‘Hormonal’ music gets a bad rap in Jamaica
KINGSTON—Men in tight jeans bounce up and down to the thumping beat, moving suggestively against scantily clad girls in neon-coloured bikini tops and supershort shorts twisting their bodies to the catchy lyrics.
As the DJ raps over the stuttering tracks, partygoers show no sign of the anxiety bubbling in this Caribbean cultural capital over the future of dancehall reggae, one of the island’s chief musical exports. Its sagging status seems particularly poignant as the nation looks back at the evolution of its music over a half century of independence.
“It’s hormonal music. It’s young, feisty, anti-parent, youthful,” said Josef Bogdanovich, who runs a recording studio in West Kingston and is one of the few still gambling on the island’s signature, dancehall reggae. “Dancehall is real street and it’s real tough.”

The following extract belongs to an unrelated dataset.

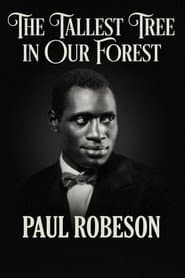 The Tallest Tree in Our Forest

After years of surging in popularity and enjoying mainstream U.S. radio airplay success in the ’90s, the music born in the underbelly of Jamaica’s urban culture in the 1970s as an edgy derivative of reggae is hitting a sour note. Some of its biggest international stars — Buju Banton, Vybz Kartel and Busy Signal among others — are fighting criminal charges and others face visa revocations and cancelled concerts.
Much like the drama that encircled hip hop in the 1990s, dancehall reggae is accused of nurturing slackness, glorifying violence and negatively influencing a whole new generation of Caribbean youth with its sexually explicit, sometimes violent, homophobic lyrics. International organizations and gay rights groups have long complained the music incites anti-gay violence.
Now Jamaican culture critics are calling for a cleanup amid dwindling records sales here and in the United States, and the increasingly bad rap it’s getting.
Some blame artists’ legal troubles for the negative vibes, while others say what’s happening in dancehall is a larger reflection of Jamaican society and its highly competitive, unorganized music industry.
“It’s unfair to paint a situation that says dancehall is this renegade faction within the society doing (messed up) things,’” said Dylan Powe, a Jamaican music expert.
“Dancehall and reggae music are indicators to some extent of an overall decline in the moral values of the whole society. There are politicians and police who have been accused of a lot of the same things as a lot of these acts who are currently in jail.”
But where some see crisis, others see opportunity.
Promoter Bogdanovich says it’s already happening.
“A new generation of artists is starting to get the confidence and desire and strength to do their thing. That’s a different kind of generation. The words are shorter, not as long, get to the point quickly. You might call it Attention Deficit Disorder.”